Yes, the POTS is scary. Oh my goodness Abby, I can almost say YES to all the things you listed. (sad face). I have major problems with my heart but my echo is normal. If I exercise though, I get extra beats. I also have missed beats when at rest. It's usually my BP dropping quickly so my heart starts racing to get it back up. It's very, very scary and uncomfortable. I have problems with anxiety because of all my symptoms. I have a two year old son and husband who need me the way I used to be. And yes, I was going through some of these symptoms while pregnant, so I was written off as crazy and just pregnant!

That was a very helpful explanation! Is this commonly related to Chiaria Malformations or is it hard to say?

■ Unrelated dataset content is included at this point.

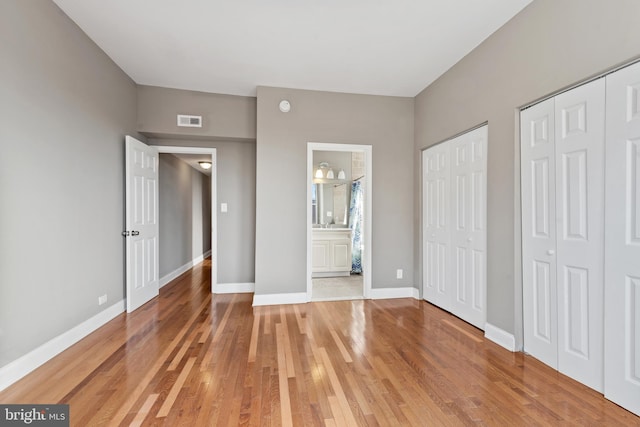 unfurnished bedroom with connected bathroom, multiple closets, and hardwood / wood-style floors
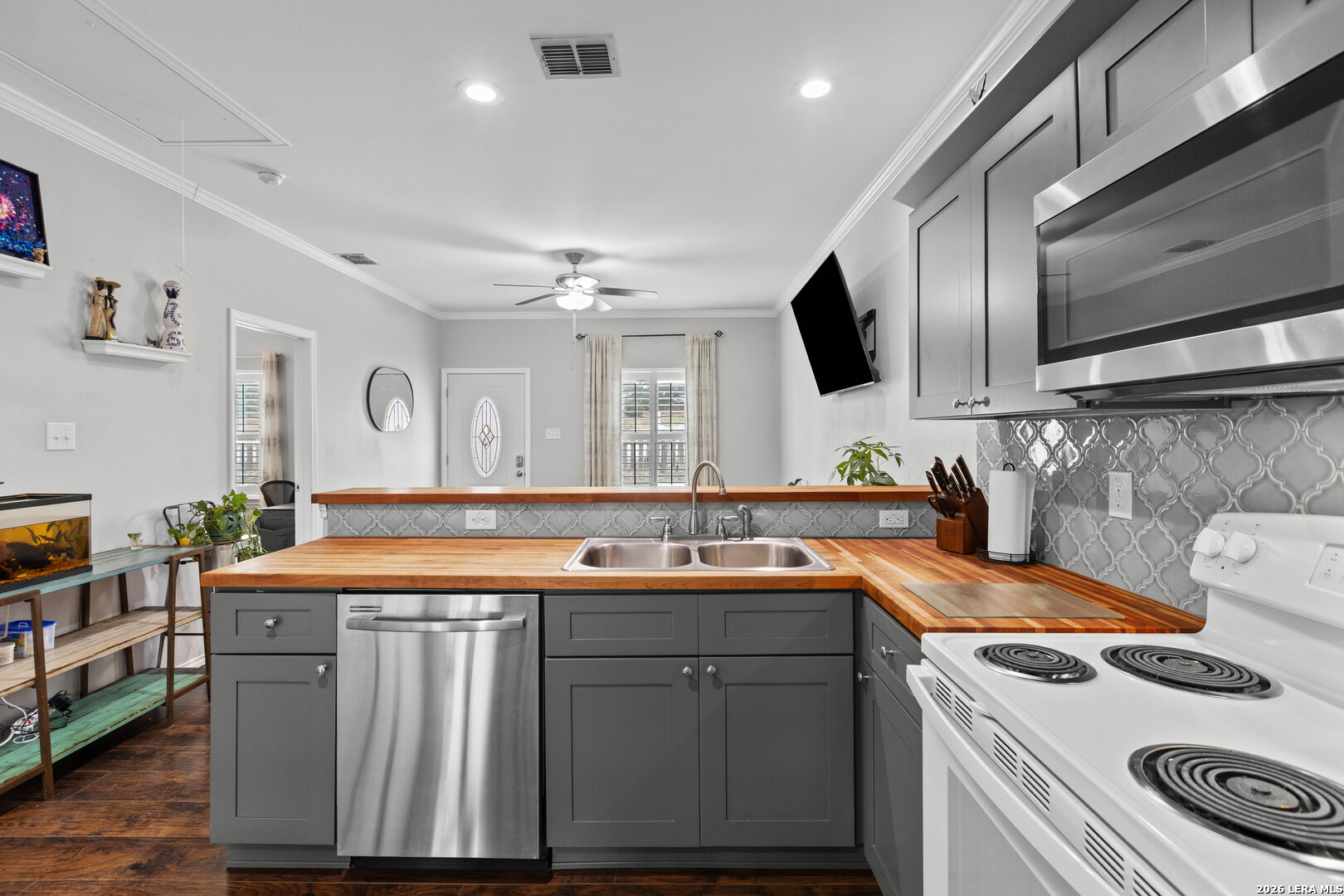 441 Cimarron Spring Branch, TX 78070 - Photo 9 of 20 a kitchen with stainless steel appliances granite countertop a sink stove and cabinets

The MTHR test can be performed by any lab. But they are only looking at the two most common genes. But make sure your doctor gives the proper diagnosis codes for getting the test. Mine didn’t for some reason and now I’m slapped with the $300 bill (I need to call him about that.)

Getting the proper supplementation is a good question. I’m on methytetrahydrafolate (the already broken down version of folic acid) and on Methylcobalamin. But I’m being told conflicting things on if this is the proper supplementation. One
Doctor says yes while the other days no. I think this implies that much is still misunderstood about the methylation cycle and folate/b12 deficiencies. But these deficiencies have been connected to Chiari as they play a huge role in neurological function. I’ve obviously been
Deficient my whole 29 years of life without knowing it.